To be clear, FERC’s authority over interstate energy policy remains rooted in the Federal Power Act, which delineates its authority and makes clear that all proposed regulatory changes must result in “just and reasonable” rates and tariffs, and must avoid being “unduly discriminatory” in their effects on different technologies or classes of market participants. 

But several major decisions approved by FERC’s Republican majority over objections of its Democratic minority have led to accusations of political bias. Most notably, FERC’s orders regarding Eastern U.S. capacity markets have been decried by clean energy groups as undermining state clean energy policies and propping up fossil fuel generators.

FERC has other key decisions that will play a role in the Biden administration’s clean-energy ambitions, from policies to encourage transmission grid build-out to connect growing utility-scale renewables across the country and off its coasts, to market structures to integrate aggregated distributed energy resources such as batteries, electric vehicles and flexible demand-side resources.   
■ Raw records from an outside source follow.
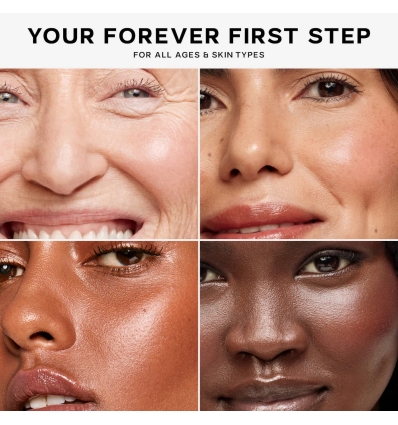 *SOBRE PEDIDO* Mini Glowy Super Gel Trio Set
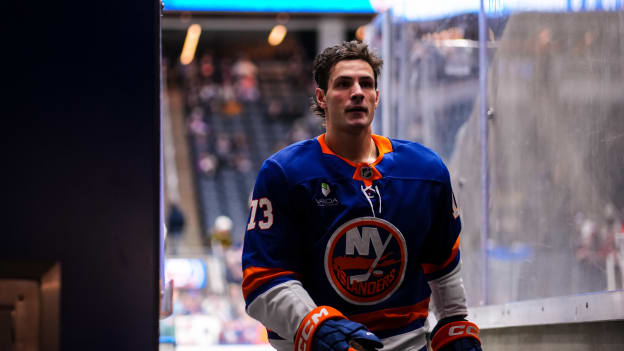 20260101_UTA_NYI_FULL_FINAL-26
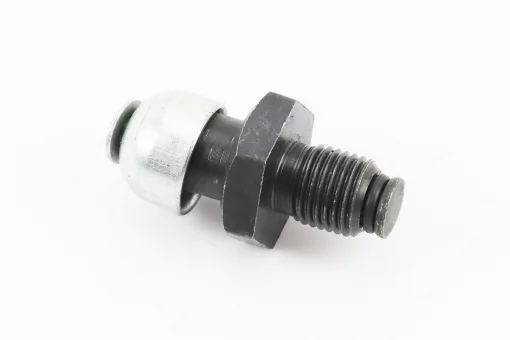 Датчик давления масла Тип 5, FIX-203922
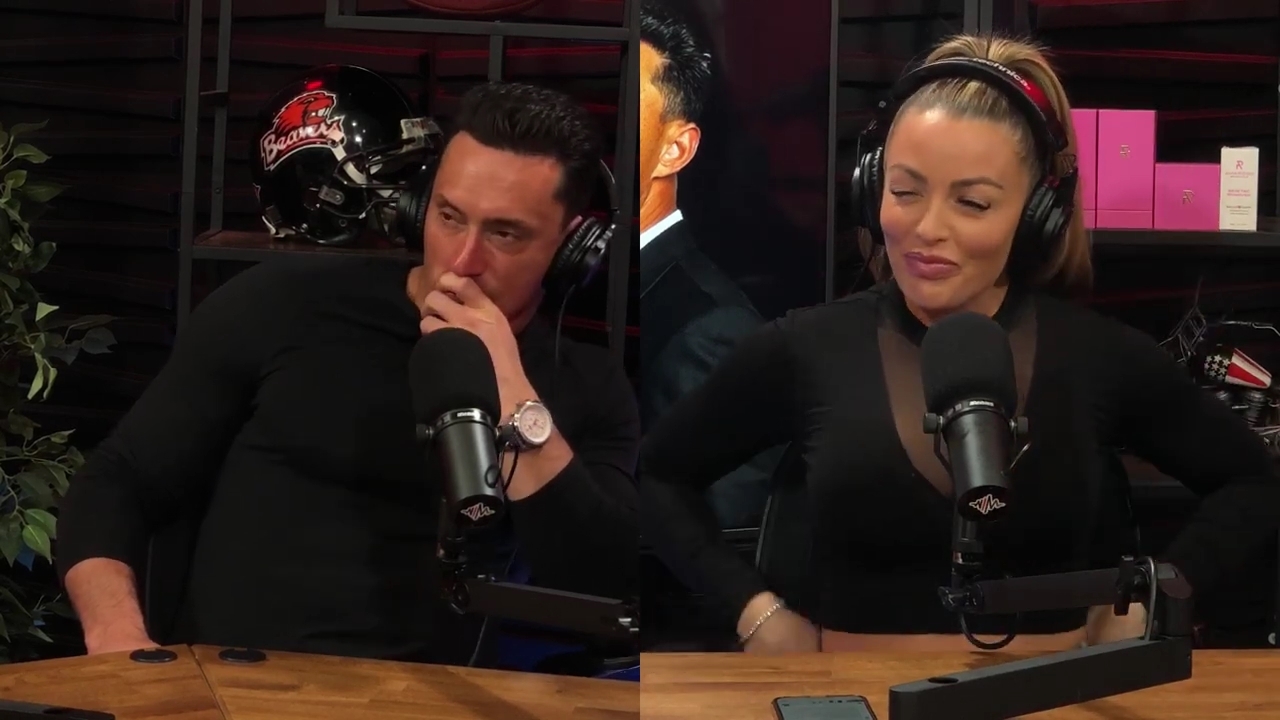 x2mate_com-Ep_14_-_Power_Alphas_Podcast__Super_Bowl2C_Taylor_Swift2C_Travis_Kelce___Mandy_Rose__mp44525.jpg
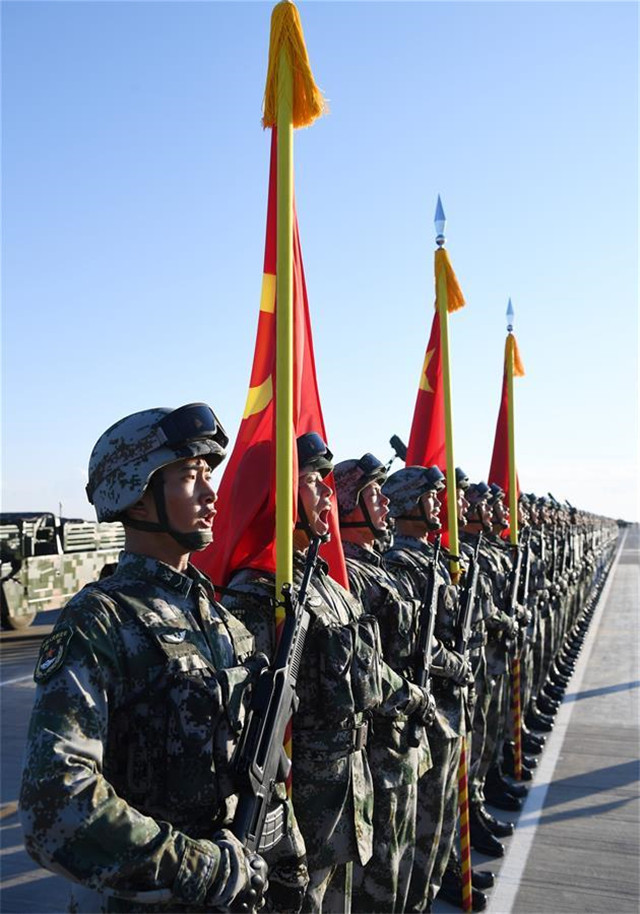新阅役新肖伯地号8凰军，深度解析与SEO优化策略，新阅役新肖伯地号8凰军，深度解析与SEO优化策略指南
But it’s likely that the most contentious issue before FERC will involve finding a resolution to the capacity market rules imposed by its Republican majority over the past two years. These include the minimum offer price rule structure imposed on mid-Atlantic grid operator PJM, the refusal to allow New York state grid operator NYISO to exempt state-supported resources from buyer-side mitigation rules, and FERC’s approval of capacity and fuel security market designs by ISO New England

What can be done about capacity markets and state clean-energy mandates?

The particulars of these decisions vary. But the underlying principle cited by their Republican backers is that they’re needed to counteract state policies that distort wholesale markets by incentivizing clean energy, thus undermining competition from non-subsidized resources, primarily fossil-fueled power plants.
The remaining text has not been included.